▶ ABOUT THIS TASK
Each line from the one holding "Nokia Lumia 610 review - The Verge" to the last line of the listing must be set down exactly. No pictures are to be included.

___ RECORDS SUPPLIED

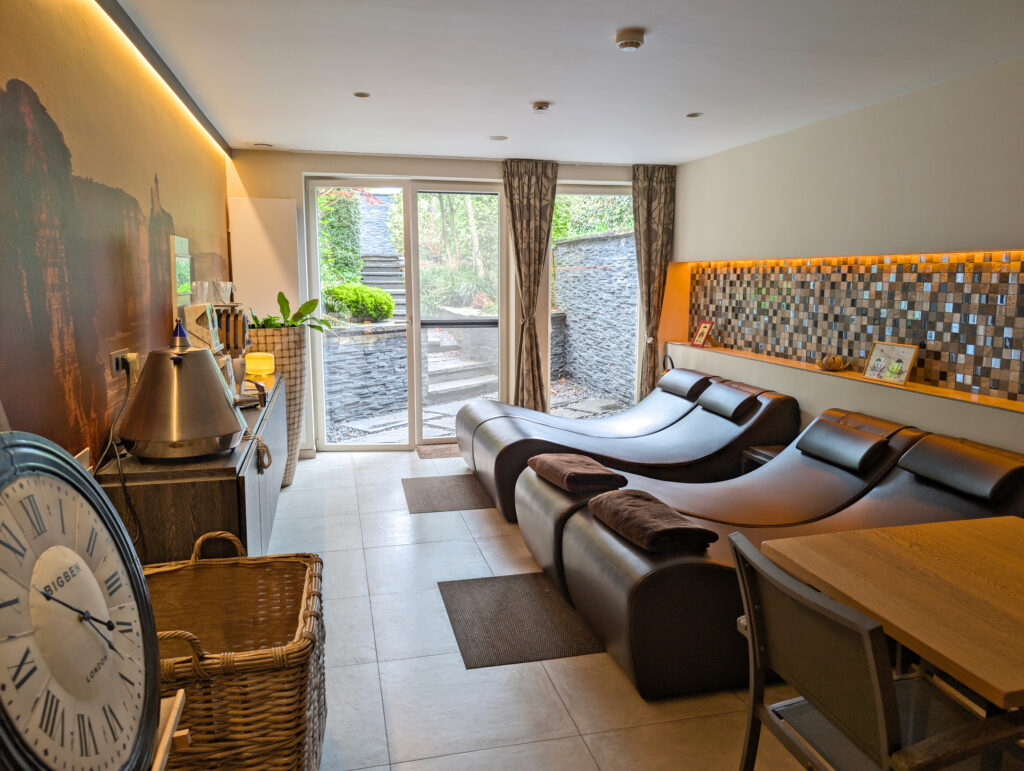 Transats du Koru Hôtel à Namur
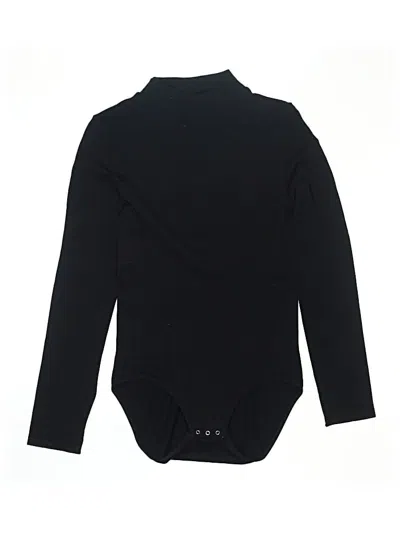 Pre-owned Yummie Bodysuit In Black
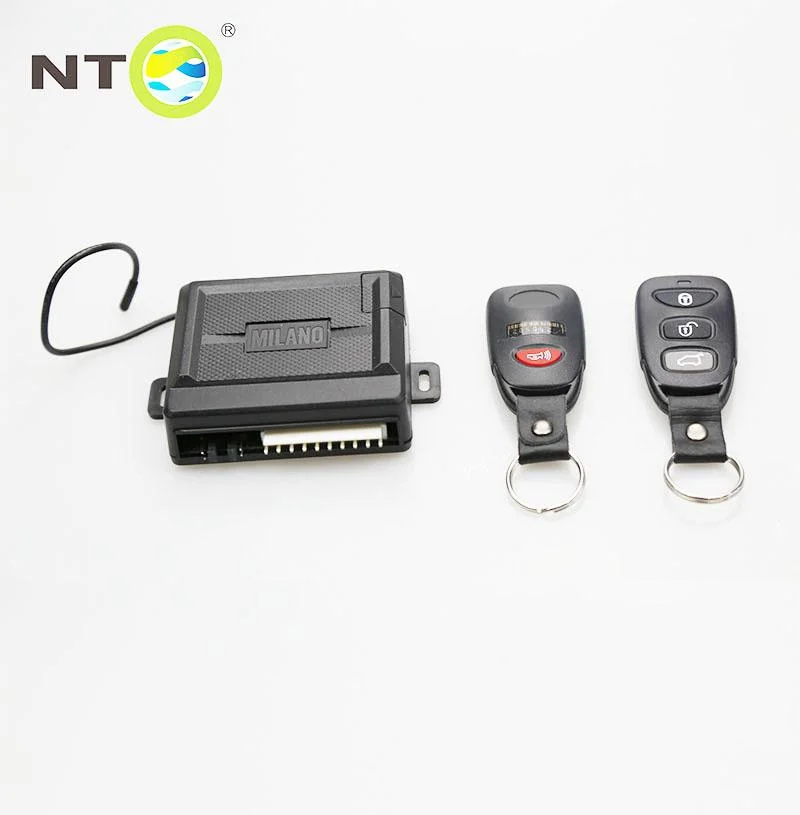 Car Alarm Central Locking System One Way Keyless Entry System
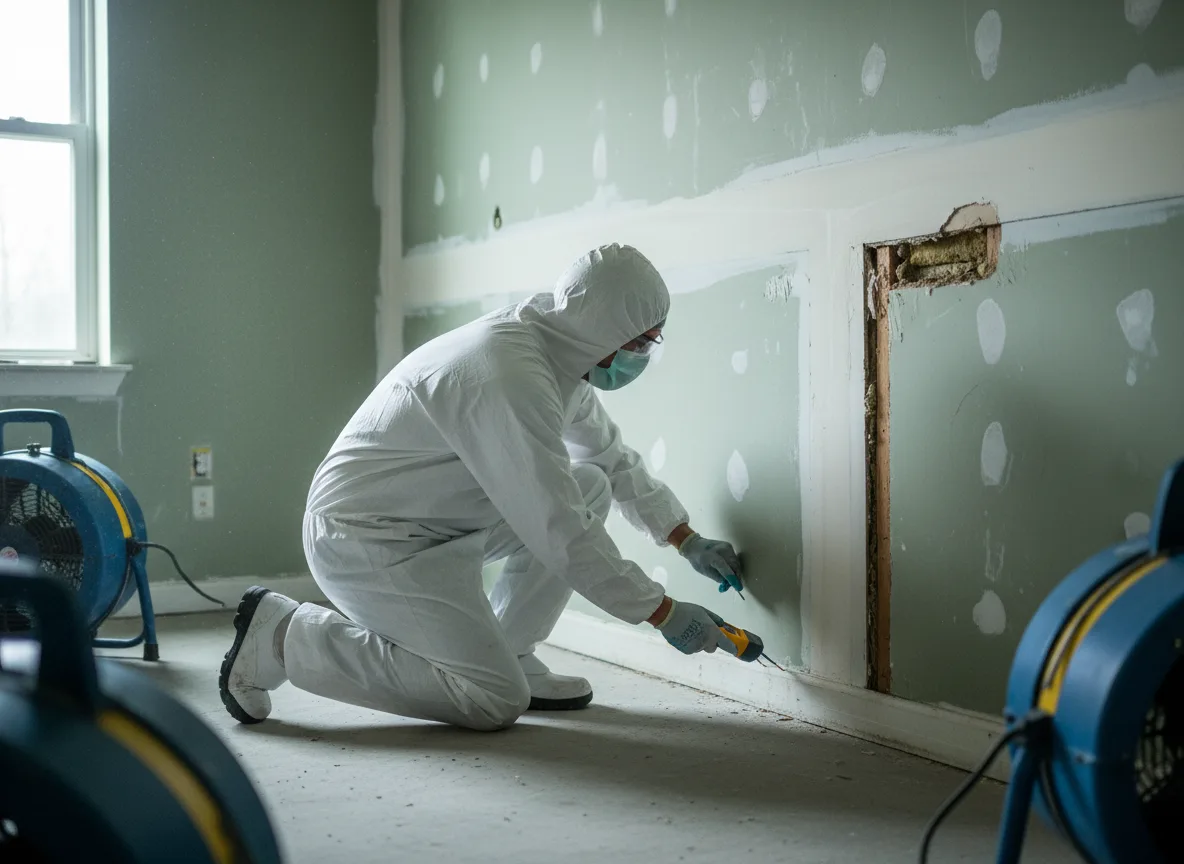 Water Damage Restoration company in Ottawa, KS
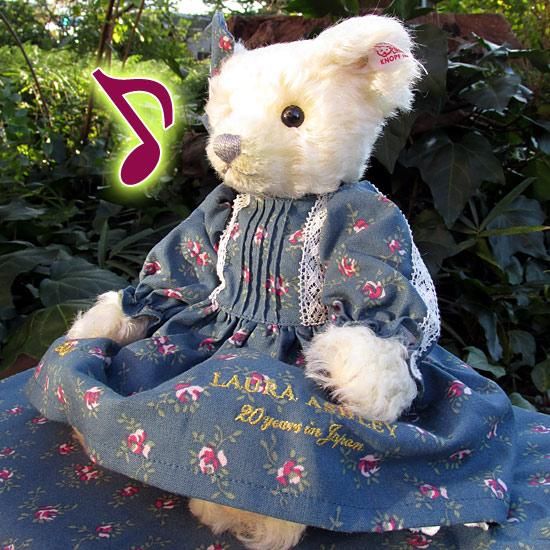 限定300体 シュタイフ ローラアシュレイ テディベア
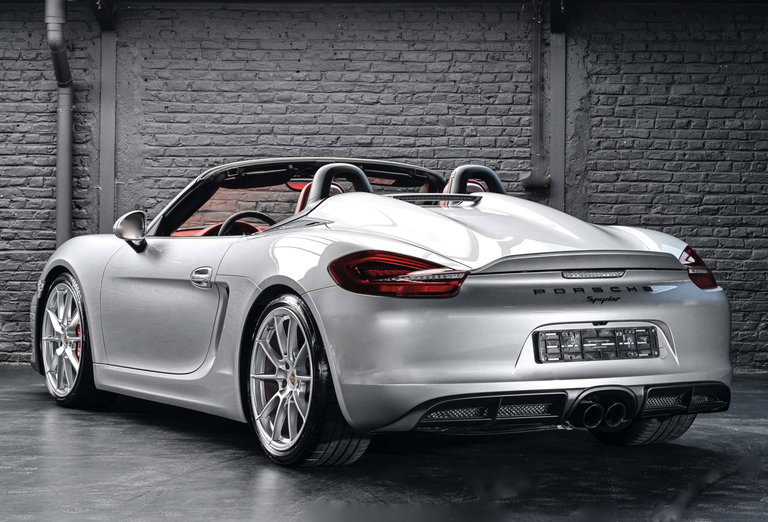 Porsche 981 Boxster Spyder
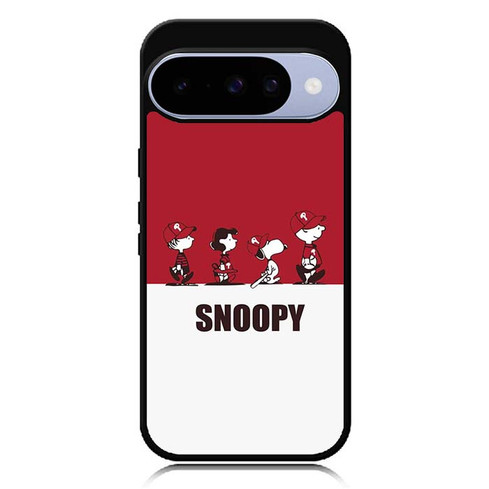 Snoopys Lineup Google Pixel 10 Case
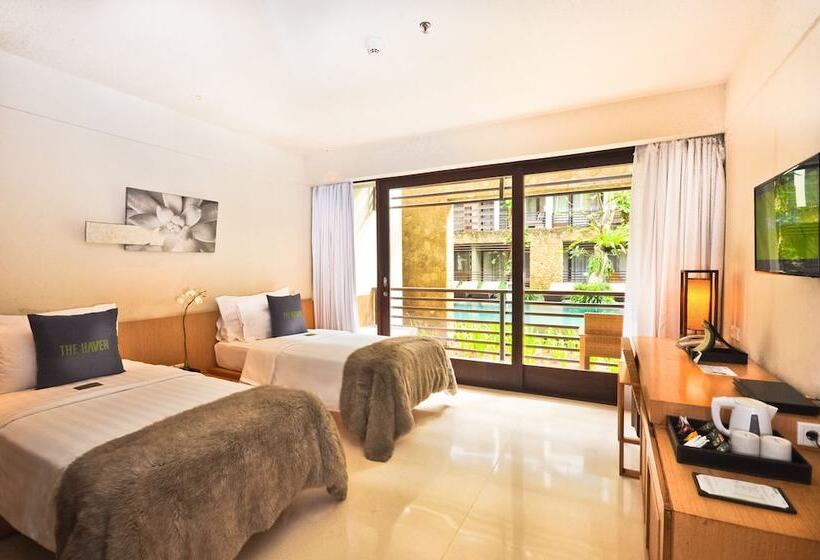 2 Bedroom Suite Pool View, The Haven Bali Seminyak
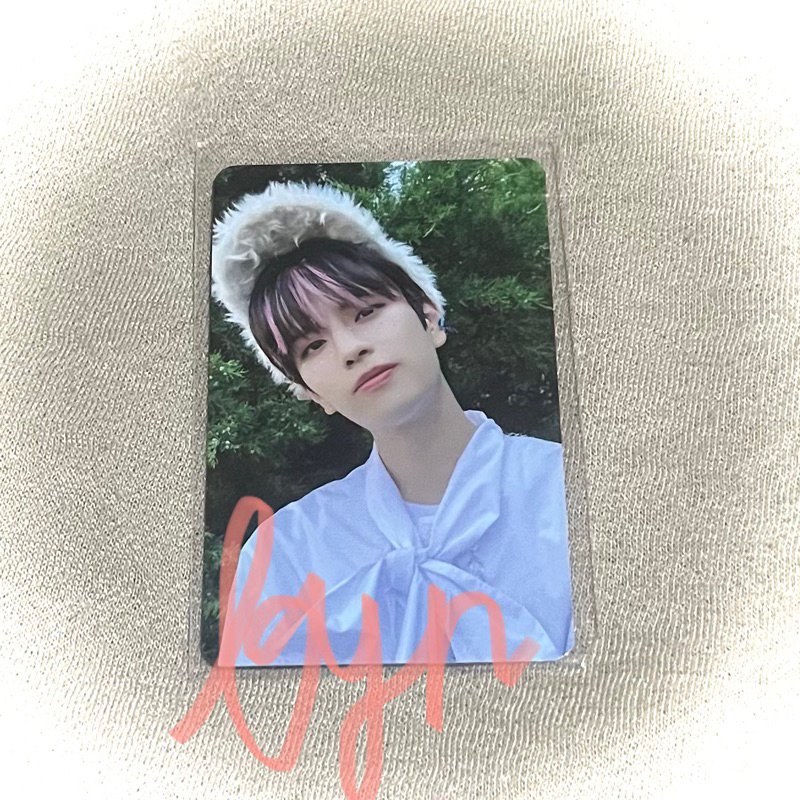 PC Photocard Seungmin Stray Kids BDM (Blue Dream Media) Maxident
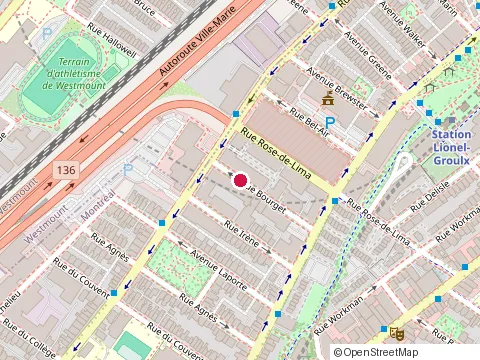 Location of Gestion Pwb at 5182 Rue Philippe-Lalonde, Montréal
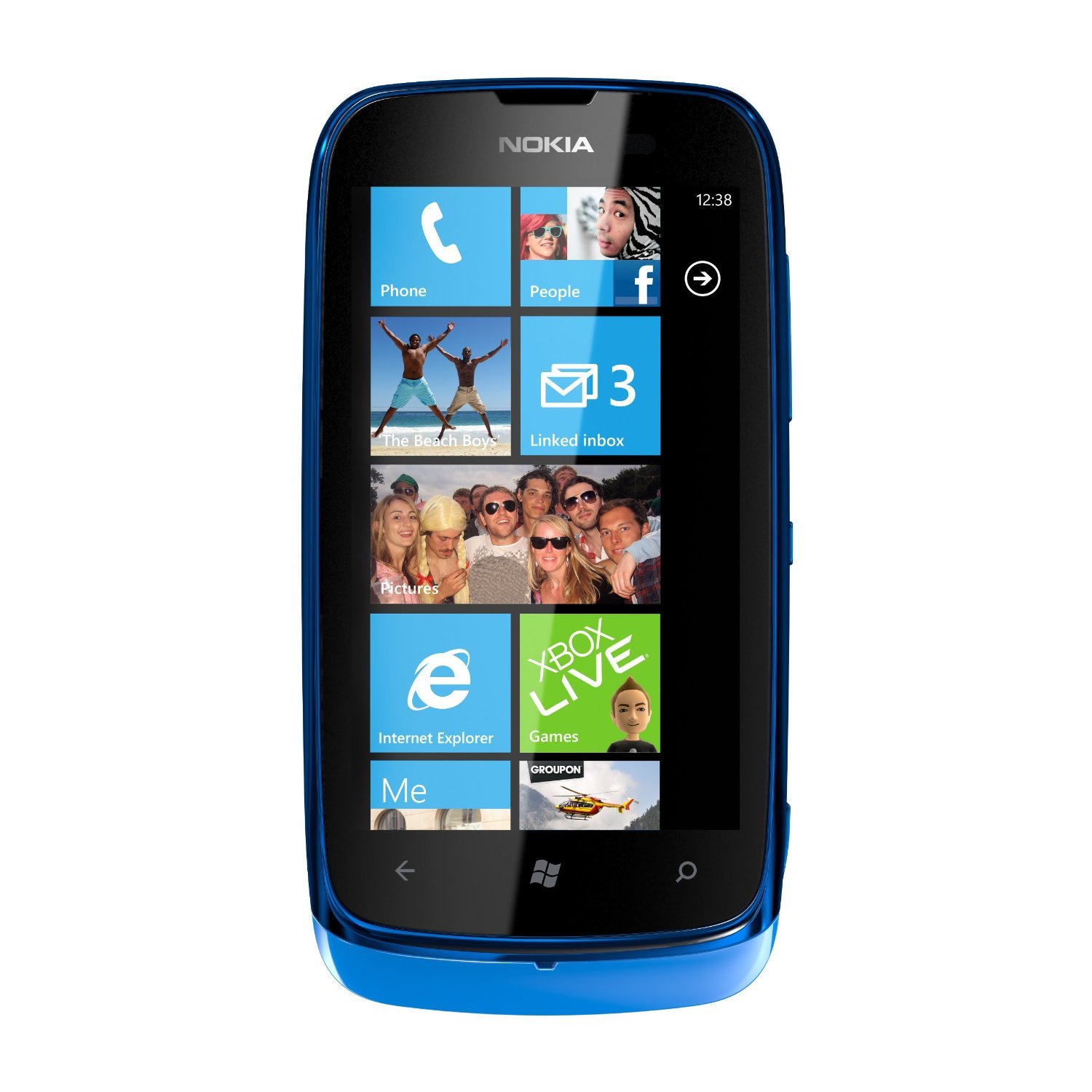 Nokia Lumia 610 review - The Verge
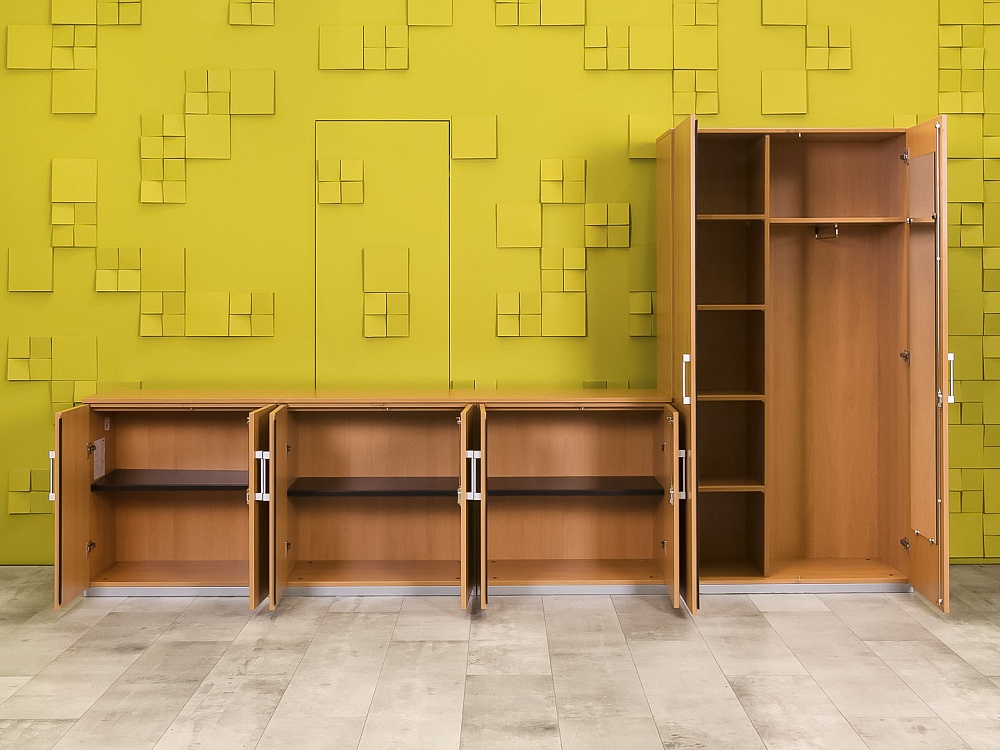 Кабинет руководителя  Steelcase ЛДСП Ольха Франция  КРЛ-04026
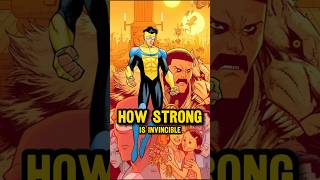 WHO IS THE STRONGEST VILTRUMITE?? #invincible #comics #dccomics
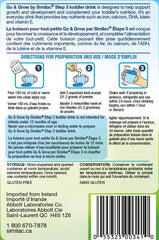 Similac Go & Grow Step 3 Toddler Drink with 2'-FL. Immune Support Innovation: 2'-FL, Powder, 12-36 Months, Milk Flavour, 850 grams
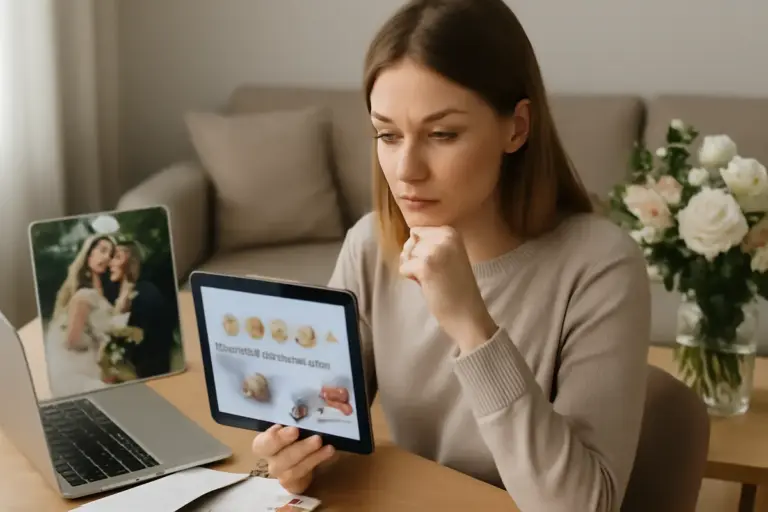 Come gestire le recensioni online dei fornitori di matrimonio? Il metodo pratico che evita errori di valutazione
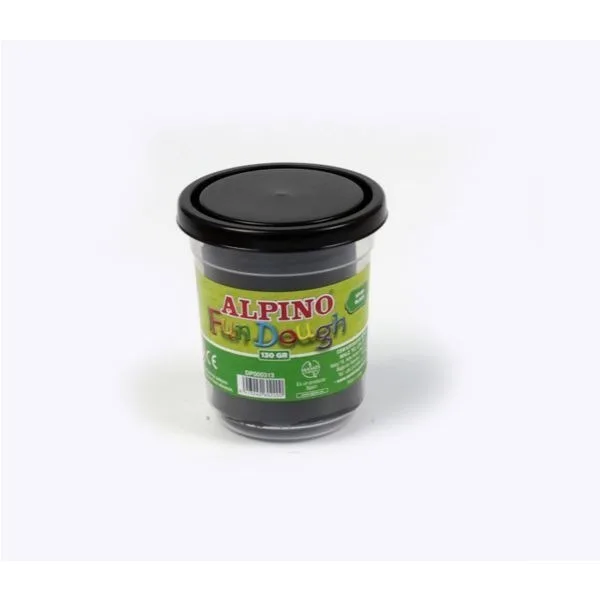 Alpino 130 Gr Oyun Hamuru Siyah Dp000313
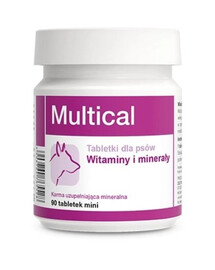 DOLFOS Dolvit Multical Plus mini 90 tabl. Witaminy i minerały dla psów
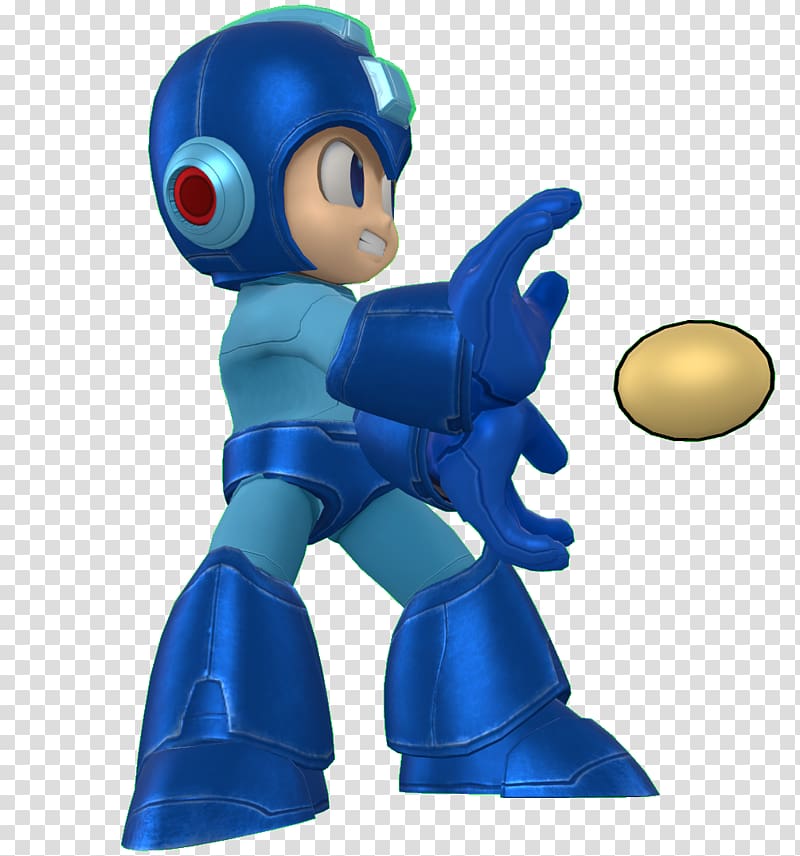 Mega Man Rendering Action & Toy Figures Figurine, megaman transparent background PNG clipart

______

▶ ANSWER SECTION
 Nokia Lumia 610 review - The Verge
 Кабинет руководителя  Steelcase ЛДСП Ольха Франция  КРЛ-04026
 WHO IS THE STRONGEST VILTRUMITE?? #invincible #comics #dccomics
 Similac Go & Grow Step 3 Toddler Drink with 2'-FL. Immune Support Innovation: 2'-FL, Powder, 12-36 Months, Milk Flavour, 850 grams
 Come gestire le recensioni online dei fornitori di matrimonio? Il metodo pratico che evita errori di valutazione
 Alpino 130 Gr Oyun Hamuru Siyah Dp000313
 DOLFOS Dolvit Multical Plus mini 90 tabl. Witaminy i minerały dla psów
 Mega Man Rendering Action & Toy Figures Figurine, megaman transparent background PNG clipart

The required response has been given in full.